Daniela Salgado - Lo que no se mide no se puede mejorar

Insabi: un programa sin pies, ni cabeza – Daniela Salgado

El primer día de este año arrancó el Instituto de Salud Para el Bienestar (Insabi) que sustituye el Seguro Popular, programa que vio sus primeros destellos con las reformas a la ley y la aplicación en el 2003 durante el sexenio de Vicente Fox, pero finalmente se consolidó con resultados en todo el país en la administración de Felipe Calderón.

El Seguro Popular y el Insabi, como todos sabemos, tiene el propósito de otorgar atención médica a la población en condiciones más vulnerable del país, aquella población que no contaba con seguridad social.

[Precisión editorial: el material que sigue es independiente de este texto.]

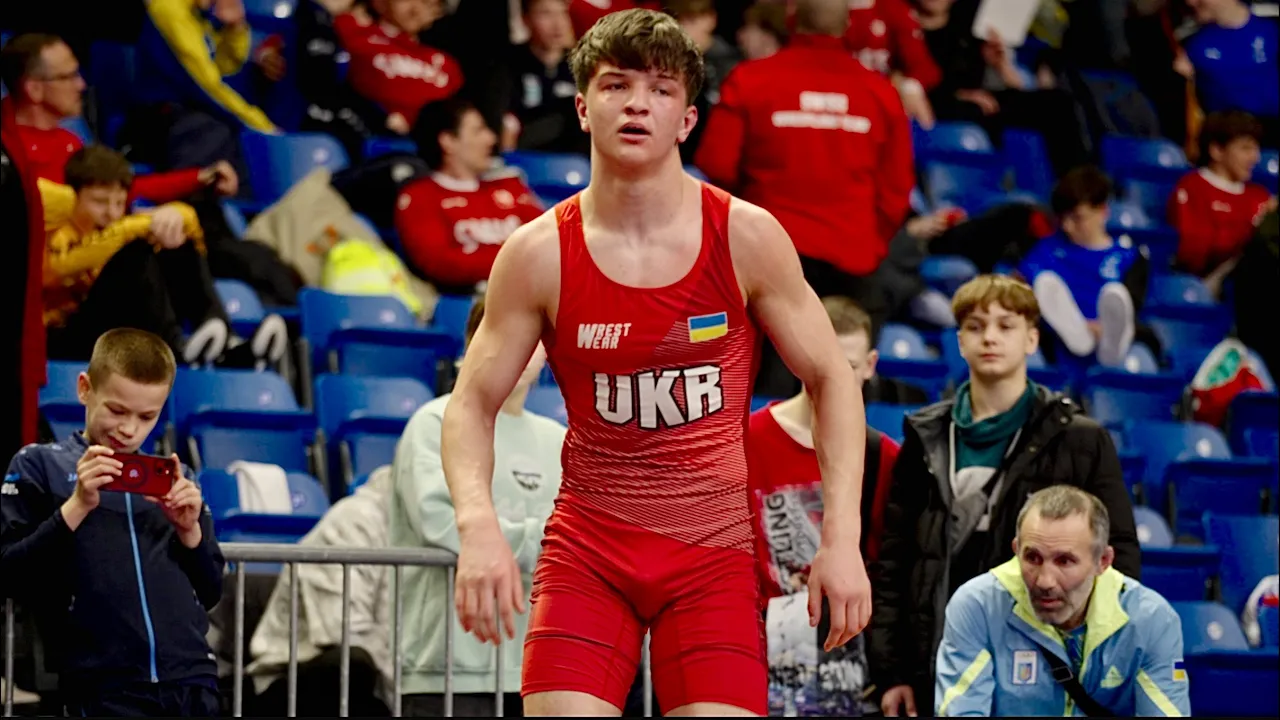 U17 Denys Mokrohuz (UKR) vs Zeteny Tugyi (HUN) 71kg. Freestyle boys youth wrestling. B-cam-man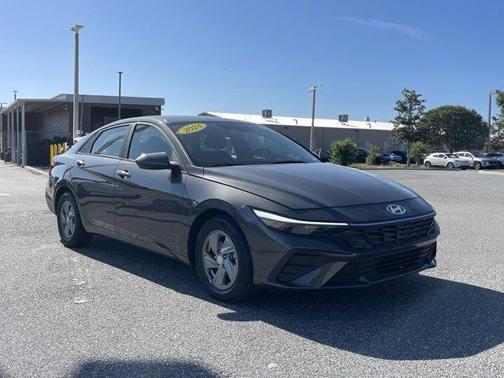 Amazon Gray 2024 Hyundai ELANTRA SE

Sin embargo, la propuesta planteada por el gobierno federal en sus primeros días ha dejado a la luz su vulnerabilidad y los riesgos que podrían dejar a más de 53 millones de personas en este país sin la gratuidad en los servicios de salud.

Este es un tema urgente que debe ocuparnos y en la medida que hagamos públicas sus debilidades lograremos que se implementen las acciones y recursos necesarios para mejorar la calidad de vida de los grupos sociales más vulnerables de este país.

Antes de explicar cualquier riesgo que pudiera presentar el Insabi, quiero aclarar que la universalización de los servicios de salud es una decisión política y socialmente correcta sin lugar a dudas y no está a discusión; sin embargo, al igual que otras políticas de la Cuarta Transformación, parecen ser producto más de decisiones voluntariosas, que del diseño de un Insabi con sustento normativo, financiero y operativo viable.

Esto puede condenarlo a convertirse en una riesgosa ilusión, como ha venido sucediendo en los primeros días de su operación, donde ha aumentado el desabasto de medicamentos y el costo de servicios médicos.

Hoy parece más lejana que nunca la gratuidad cuando hemos escuchado al Presidente de México reconocer que ésta podrá lograrse hasta finales del presente año.

Además de la oposición de algunos gobernadores, entre los que se encuentra el de Querétaro, Francisco Domínguez, para firmar el acuerdo de colaboración, existen otros problemas que me atrevo a enlistar a continuación:

° El gobierno federal no ha establecido el esquema de financiamiento.

° El Presupuesto de Egresos de la Federación no establece el monto de los recursos para el Fondo de Aportaciones para los Servicios de Salud.

° No está claro el proceso de afiliación al Insabi y los criterios de elegibilidad.

° El peor error es la falta de planeación, que le permite precipitadamente desaparecer el seguro popular y poner en marcha el Insabi.

Los invito a la reflexión:

No es posible que los enfermos que viven en condiciones de mayor vulnerabilidad paguen el precio de la improvisación y la irresponsabilidad del gobierno federal.

Los cobros por servicios de salud a la gente más pobre son ilegales, la ley señala que las cuotas de recuperación guardarán una proporción con los ingresos de los usuarios, debiéndose de eximir de cobros si carecen de recursos.

Se requieren medicamentos que permitan mantener su expectativa de vida a personas que lamentablemente padecen cáncer o VIH.

Y finalmente hay una gran angustia en los pacientes y sus familias, y en los empleados de lo que fue el Seguro Popular que no tienen información sobre su futuro laboral.

Reitero la solicitud al gobierno federal para que transparente en el menor tiempo posible las reglas de operación del Insabi y la gratuidad que comprometió el Presidente de México.